> [Data to process]:
[Start of Attachment]

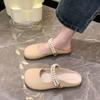 Zapatillas de media punta estilo francés para mujer, para verano, estilo hada, slip-on, suela suave y delicada, antideslizantes, sandalias de perlas para mujeres embarazadas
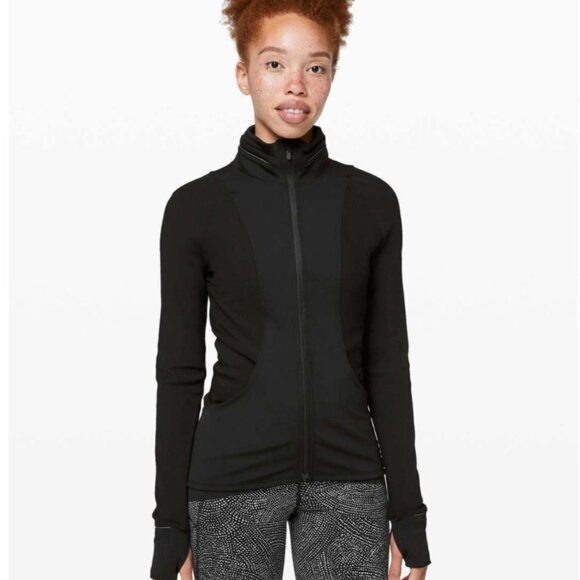 lululemon athletica Jackets & Blazers - Lululemon Far and Free Nulux Black Slimming Running Jacket Hood Size 4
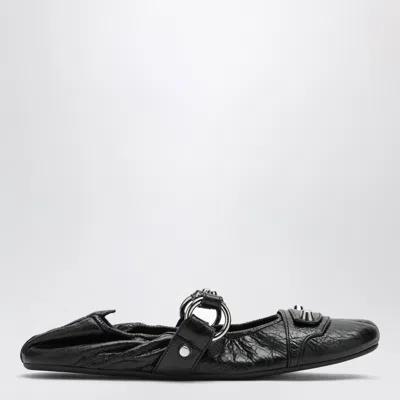 Balenciaga City Black Ballet Flats In Arena Lambskin Leather In Black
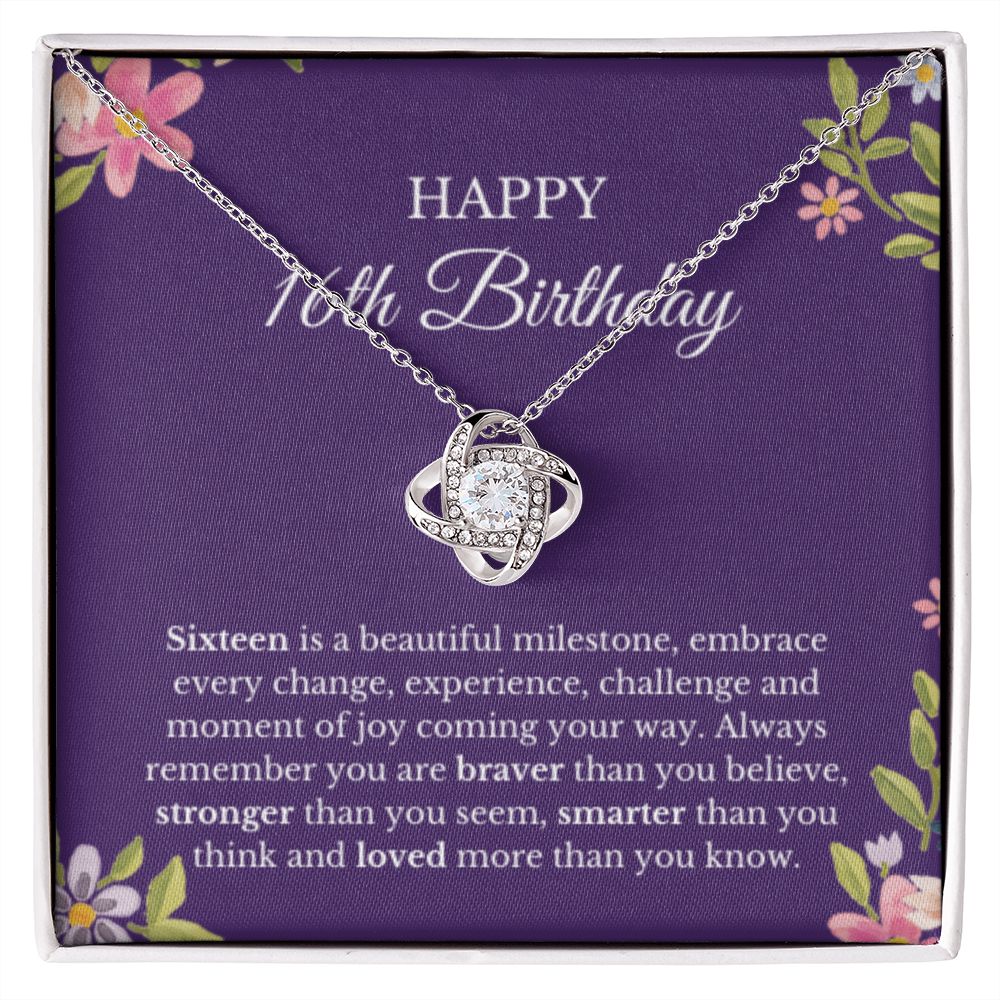 16th Birthday Necklace, Birthday Love Knot Necklace, Birthday Gifts For Woman, Birthday Card, Pendant Necklace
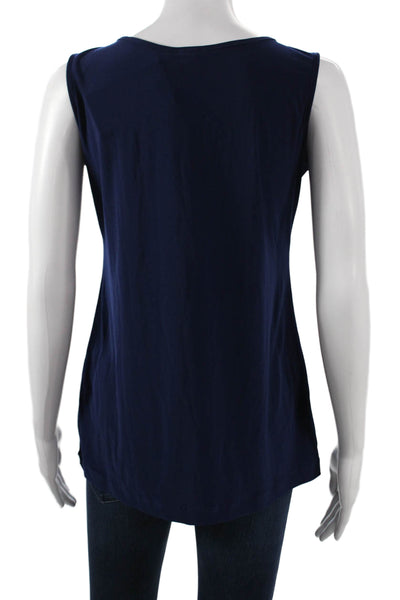 Iman Women Sleeveless Tunic Tank Top Blue Polyester Round Neck Size M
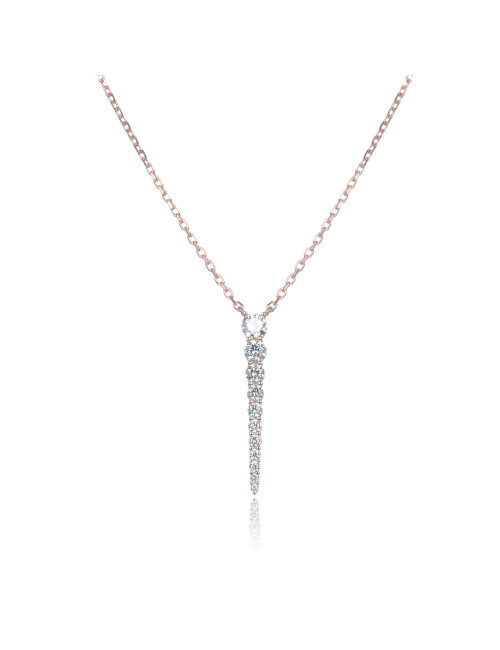 Collier Stalactite avec chute Diamants Ronds en Argent Massif ou Doré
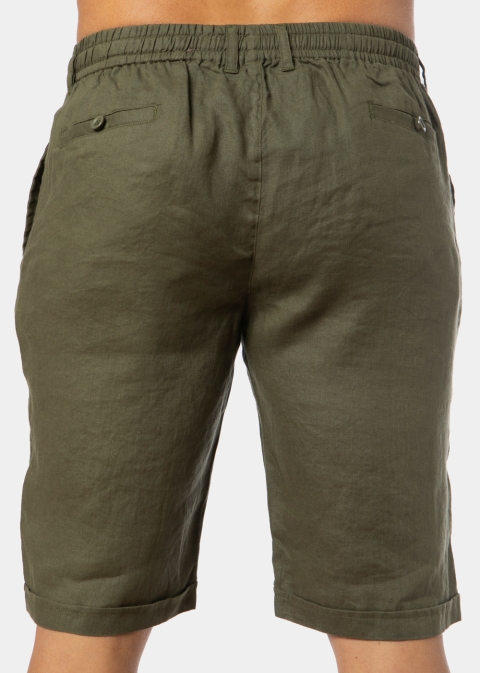 100% Linen Khaki Classic Shorts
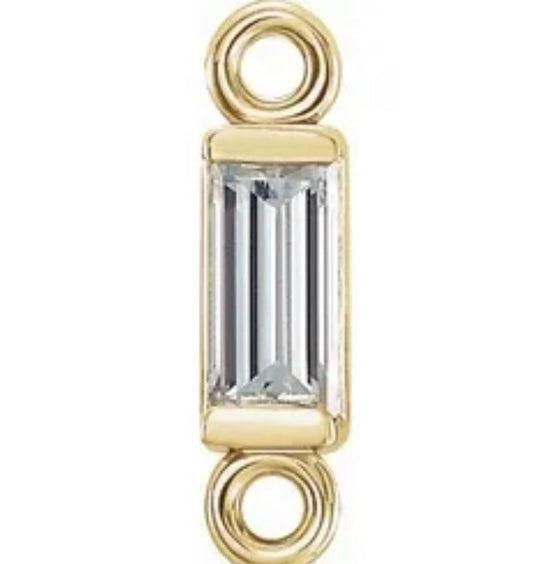 Solid White gold Baguette Connector Link, 4x2mm Stone, BIRTHSTONE, April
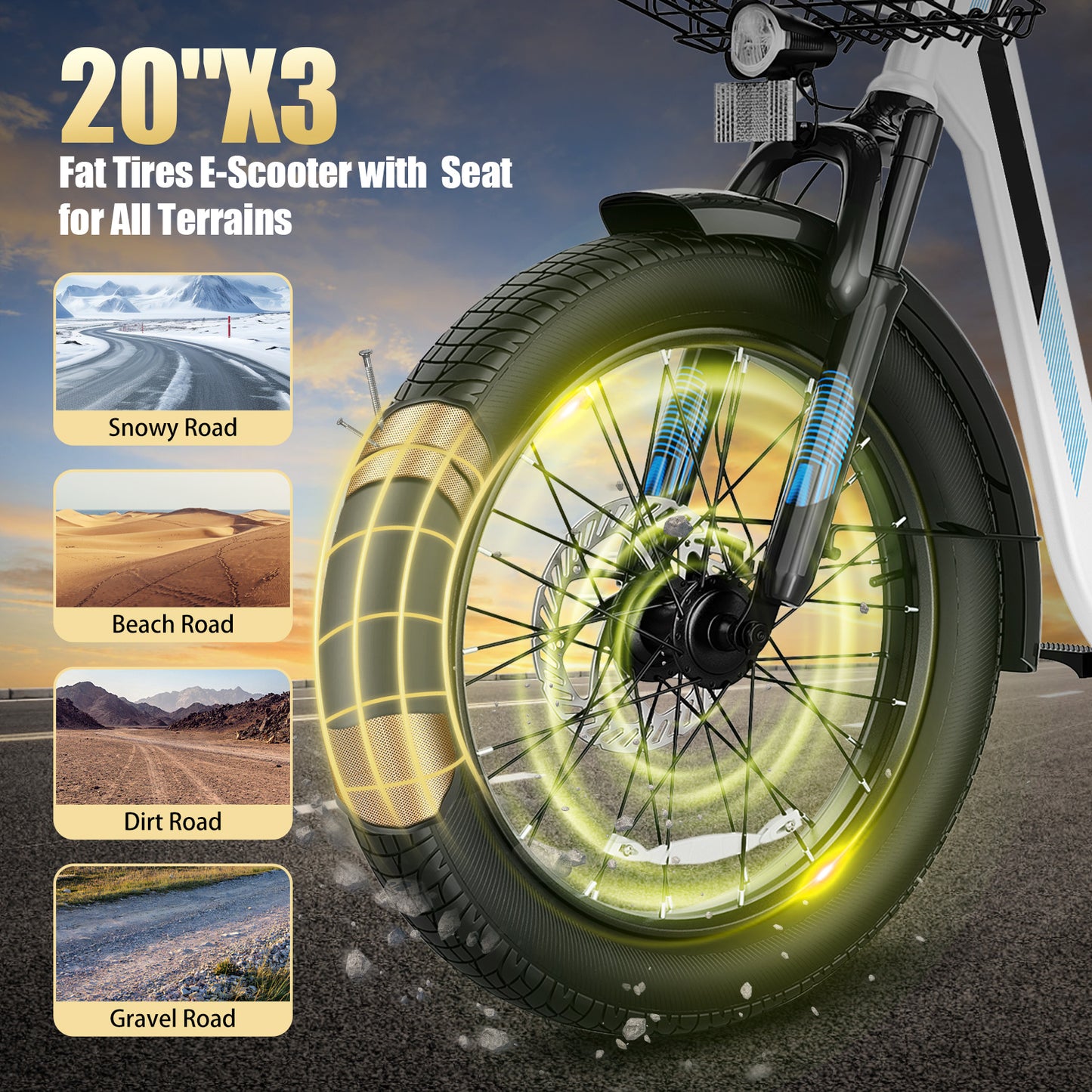 Adults Off-Road Electric Scooter with Seats, 500W Motor & 7800mAh Lithium Battery, 30Miles Range & 20MPH Top Speed E Scooter for Commuting, 20" X 3" Off-Road Tires, Front Shock Absorber, Adjustable Electric Scooter for Adults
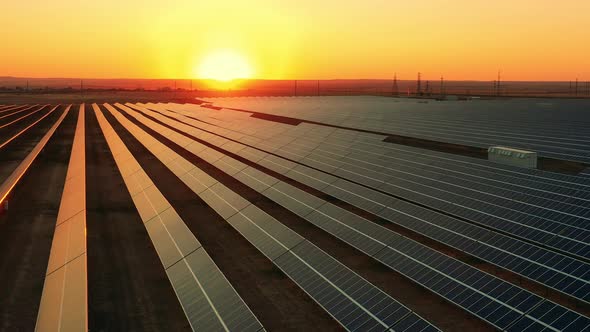 Renewable Energy, Solar Electricity Concept. Photovoltaic Power Field at Sunset in a View From Above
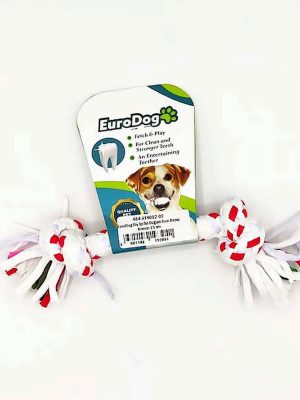 EuroDog Diş İpi İki Düğüm İnce Beyaz Kırmızı 15 cm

[End of Attachment]

> [Your instructions]:
Please give all of the data again, exact and free of pictures.

> [Response for this exercise]:
 Zapatillas de media punta estilo francés para mujer, para verano, estilo hada, slip-on, suela suave y delicada, antideslizantes, sandalias de perlas para mujeres embarazadas
 lululemon athletica Jackets & Blazers - Lululemon Far and Free Nulux Black Slimming Running Jacket Hood Size 4
 Balenciaga City Black Ballet Flats In Arena Lambskin Leather In Black
 16th Birthday Necklace, Birthday Love Knot Necklace, Birthday Gifts For Woman, Birthday Card, Pendant Necklace
 Iman Women Sleeveless Tunic Tank Top Blue Polyester Round Neck Size M
 Collier Stalactite avec chute Diamants Ronds en Argent Massif ou Doré
 100% Linen Khaki Classic Shorts
 Solid White gold Baguette Connector Link, 4x2mm Stone, BIRTHSTONE, April
 Adults Off-Road Electric Scooter with Seats, 500W Motor & 7800mAh Lithium Battery, 30Miles Range & 20MPH Top Speed E Scooter for Commuting, 20" X 3" Off-Road Tires, Front Shock Absorber, Adjustable Electric Scooter for Adults
 Renewable Energy, Solar Electricity Concept. Photovoltaic Power Field at Sunset in a View From Above
 EuroDog Diş İpi İki Düğüm İnce Beyaz Kırmızı 15 cm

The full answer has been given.